El ministro de Economía, Luis Caputo, rechaza la idea de que el tipo de cambio está atrasado y señala que hay que ser “sonso” para verlo así. “Estamos en récord de exportaciones, con el Banco Central teniendo que soportar el dólar. Tiene que comprar más de US$100 millones por día para que no se caiga a $1100, y en pleno shock externo fortísimo. Con este shock, en cualquier otra situación que a mí me tocó vivir, la sacaba a la Argentina de la cancha”, dijo la semana pasada.

“Hoy hay shock externo y récord de exportaciones con las tasas en pesos para abajo y el Banco Central teniendo que comprar dólares. Eso, si alguien cree que es casualidad... Pucha, no puede ser que no vean esto, es bien concreto. No hay un tema del tipo de cambio, más allá de que nosotros no nos arrogamos la soberbia de decir que sabemos cuál es el tipo de cambio real. Tiene que haber un clic empresarial de entender esto”, agregó.

Sin embargo, el cepo cambiario, aunque reducido, sigue vigente. Las empresas no pueden girar dividendos libremente y los individuos mantienen la denominada restricción cruzada: quienes operan en el mercado oficial no pueden acceder simultáneamente al mercado cambiario financiero, y viceversa. La semana pasada, el presidente del BCRA, Santiago Bausili, confirmó que no tiene previsto avanzar en la remoción de esas trabas.

“Los movimientos relacionados con el comercio exterior ya están liberados y a eso se sumó desde este año la liberalización para el giro de utilidades a partir de los balances 2025, lo que va a ayudar a destrabar decisiones de inversión. Para el resto, en relación con la posibilidad de que las empresas puedan pasar también a atesorar dólares, como las personas, no tenemos previsto hacer cambios. Nos sentimos bastante cómodos con este esquema”, explicó Bausili. El andamiaje regulatorio “podría quedar así”, remarcó.

Con un peso fuerte, las industrias que dependían de un tipo de cambio alto para competir quedan expuestas. Algunas ajustan márgenes; otras, se vuelven inviables. Caputo compara en estos casos las decisiones que tomaron los dueños de Fate y los de Lumilagro.

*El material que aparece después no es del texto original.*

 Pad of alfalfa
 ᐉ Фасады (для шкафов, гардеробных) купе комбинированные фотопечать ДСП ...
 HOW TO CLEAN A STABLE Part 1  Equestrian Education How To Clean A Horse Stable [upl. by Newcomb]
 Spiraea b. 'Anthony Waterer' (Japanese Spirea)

El tipo de cambio en torno a los $1400, de todos modos, no se sostiene solo. El Gobierno desplegó un menú de intervenciones: venta de divisas en el mercado spot en momentos puntuales, operaciones en futuros y absorción de pesos a través de títulos ajustados por el tipo de cambio.

“Algunos días el Tesoro vende dólares en el mercado spot, otro día el Central vende títulos ajustados por el tipo de cambio para absorber pesos, y otro día hay intervención en futuros”, describió el economista Gabriel Caamaño, de Outlier. Los analistas califican al régimen como de flotación sucia.

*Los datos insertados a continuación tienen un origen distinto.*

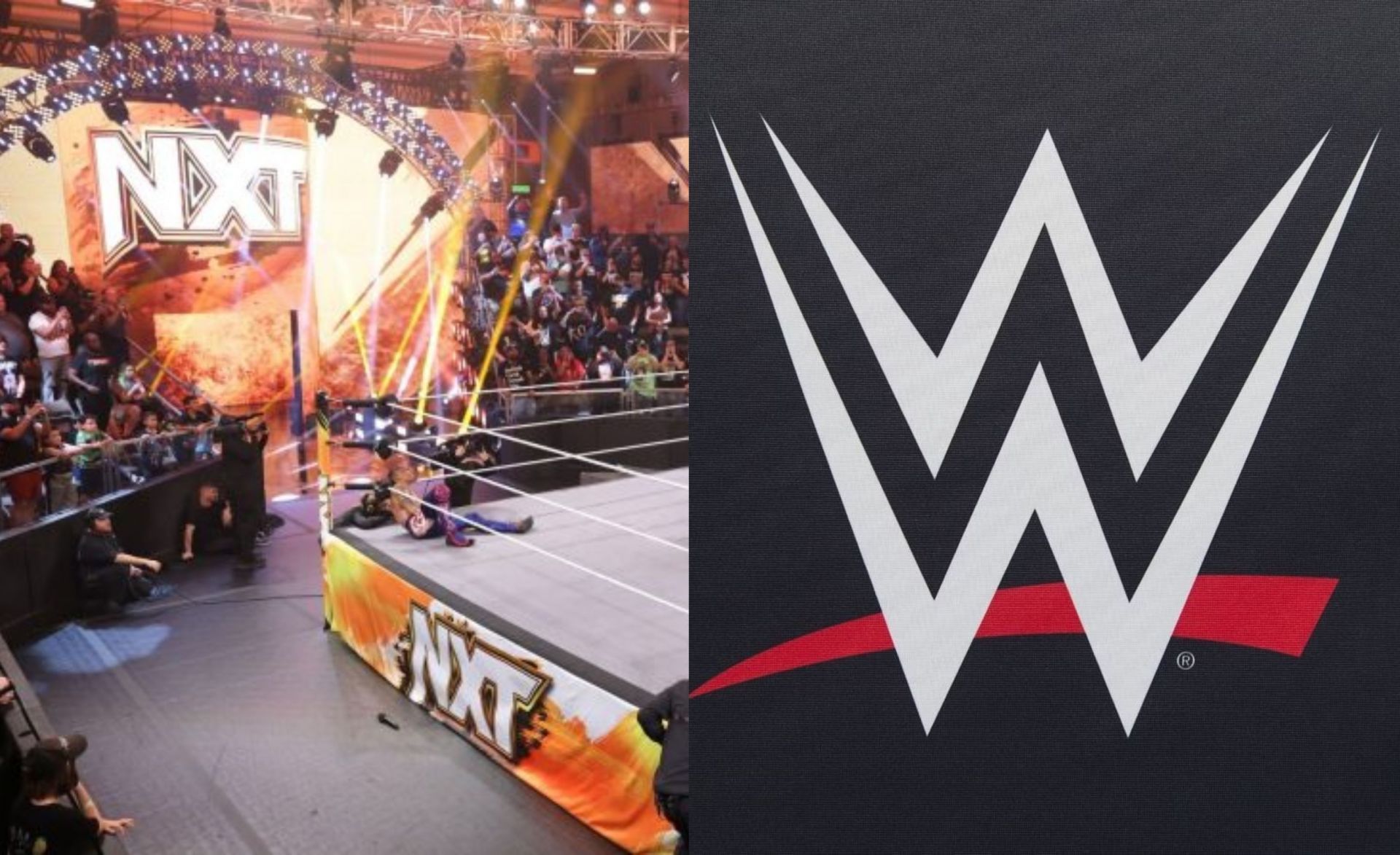 WWE से एक और स्टार अलग हो गया है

Por el momento, las señales de estrés externo no se materializaron. Econviews estima que la cuenta corriente cerrará 2026 con superávit, luego de un primer trimestre deficitario en US$1122 millones. El segundo semestre, con exportaciones energéticas en alza y cosecha gruesa récord, alcanzaría para compensar.

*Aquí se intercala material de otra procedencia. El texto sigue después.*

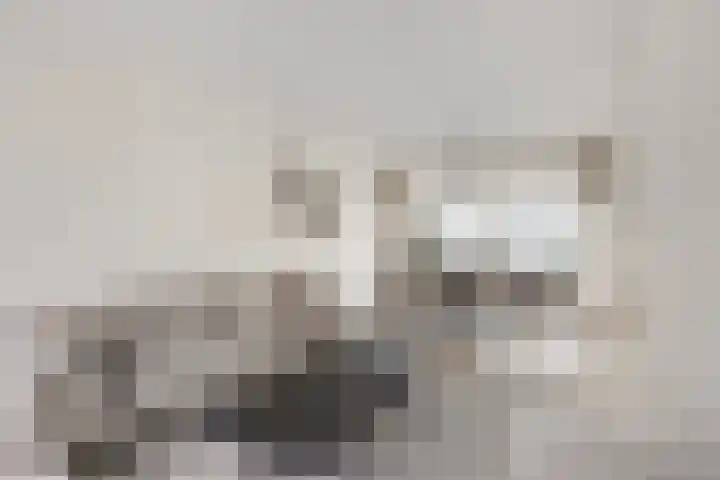 Kerspel 19 Zwanenburg thumbnail 12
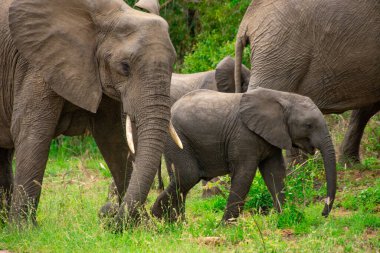 Güney Afrika 'daki doğal ortamında güzel vahşi filler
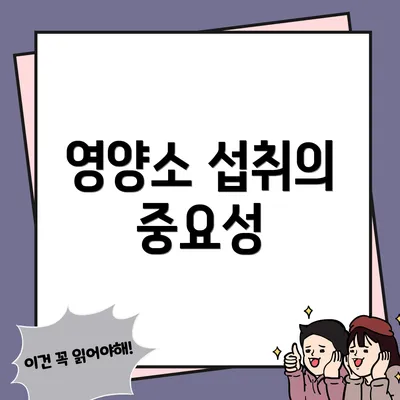 영양소 섭취의 중요성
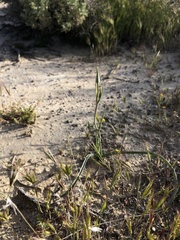 Calochortus striatus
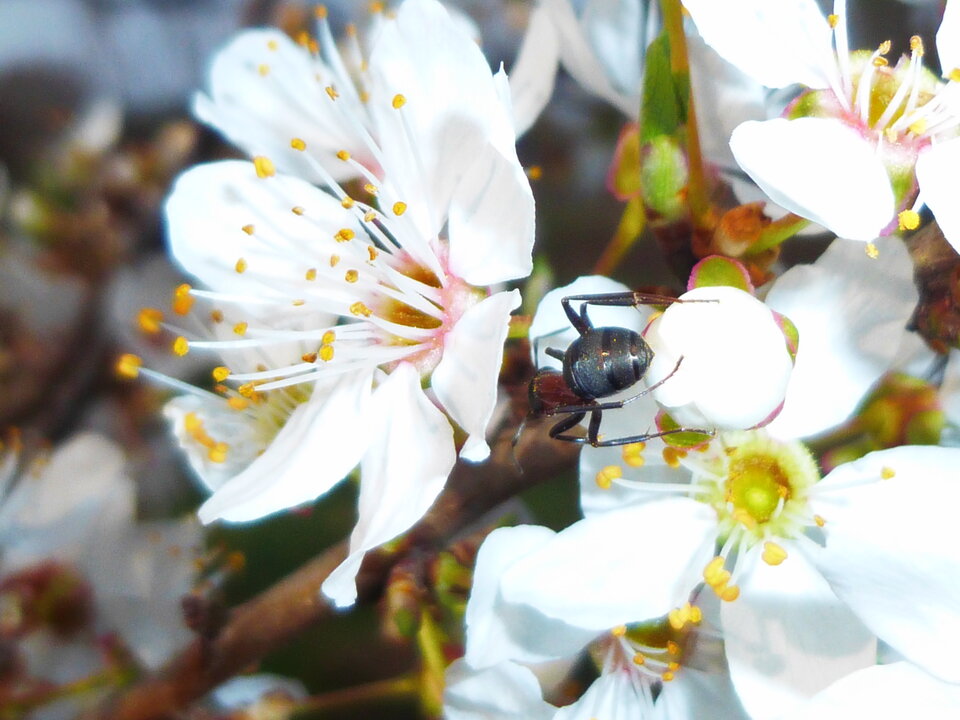 P1000247.JPG - Miniek234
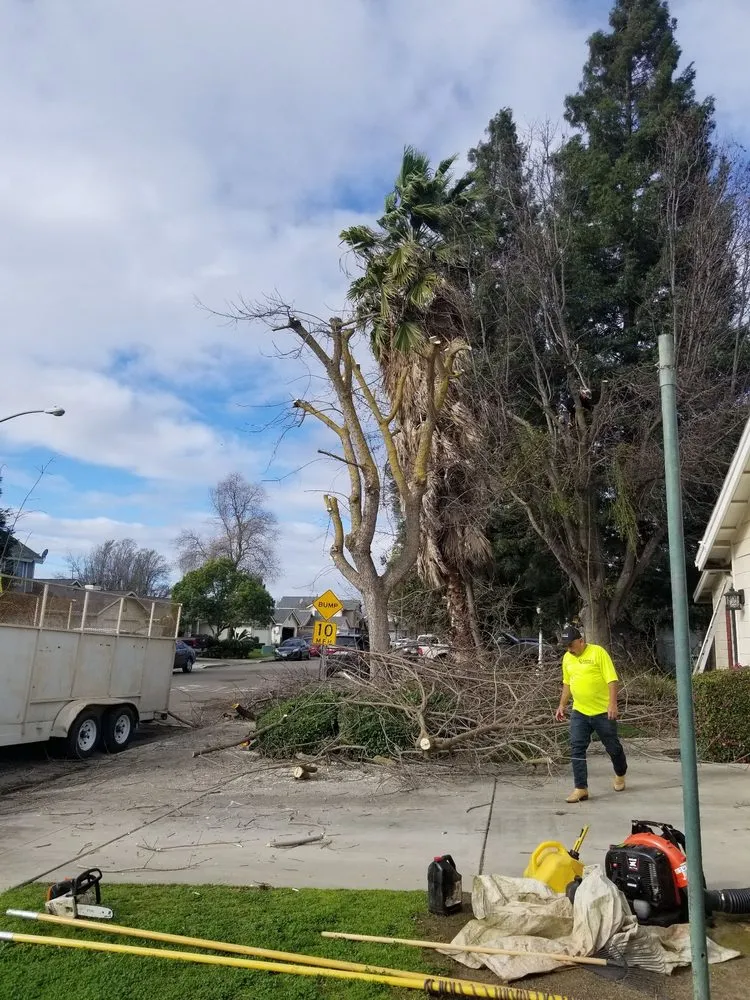 Expert lawn mowing service in Fresno, CA by Carlos G Landscaping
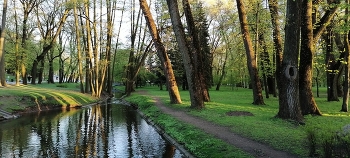 Spring in the park / ***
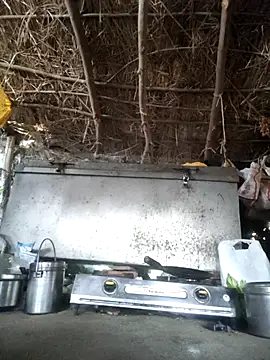 LUCKY cut online show from November 7, 2025, 2:22 am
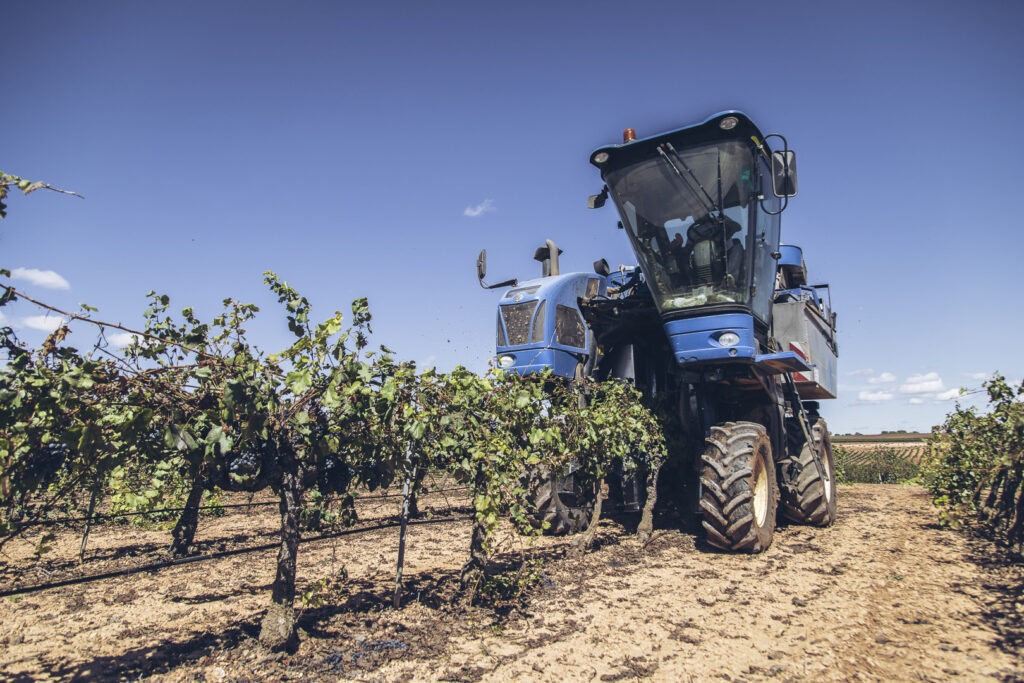 harvest grapes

La cuenta corriente registra todas las transacciones económicas de un país con el resto del mundo que no implican movimientos de capital. Incluye el comercio de bienes (exportaciones e importaciones), el comercio de servicios (turismo, fletes, servicios financieros o de consultoría), las rentas primarias (utilidades, dividendos e intereses) y las transferencias corrientes (remesas, donaciones). Un superávit indica que el país recibe más de lo que envía al exterior en esos conceptos; un déficit, lo contrario.

Frente a la presión sobre la competitividad, el Gobierno optó por compensar con una baja de retenciones para trigo, cebada, maíz, girasol, sorgo, soja y la eliminación de los derechos de exportación a la industria automotriz entre julio de 2026 y junio de 2027. Econviews señaló que los impuestos al comercio exterior todavía representan 1,65% del PBI en la Argentina, lejos del 1% de Brasil o Uruguay y del 0,3% de Chile y Colombia.

El interrogante de fondo no es si habrá una crisis cambiaria en 2026 —los analistas la descartan— sino si el nivel actual del tipo de cambio es el adecuado para la transición del modelo. El margen que se consume este año podría no estar disponible en 2027, cuando el calendario electoral agregue su dosis de volatilidad. “Nunca hay que desatender la cuestión cambiaria”, concluyó LCG.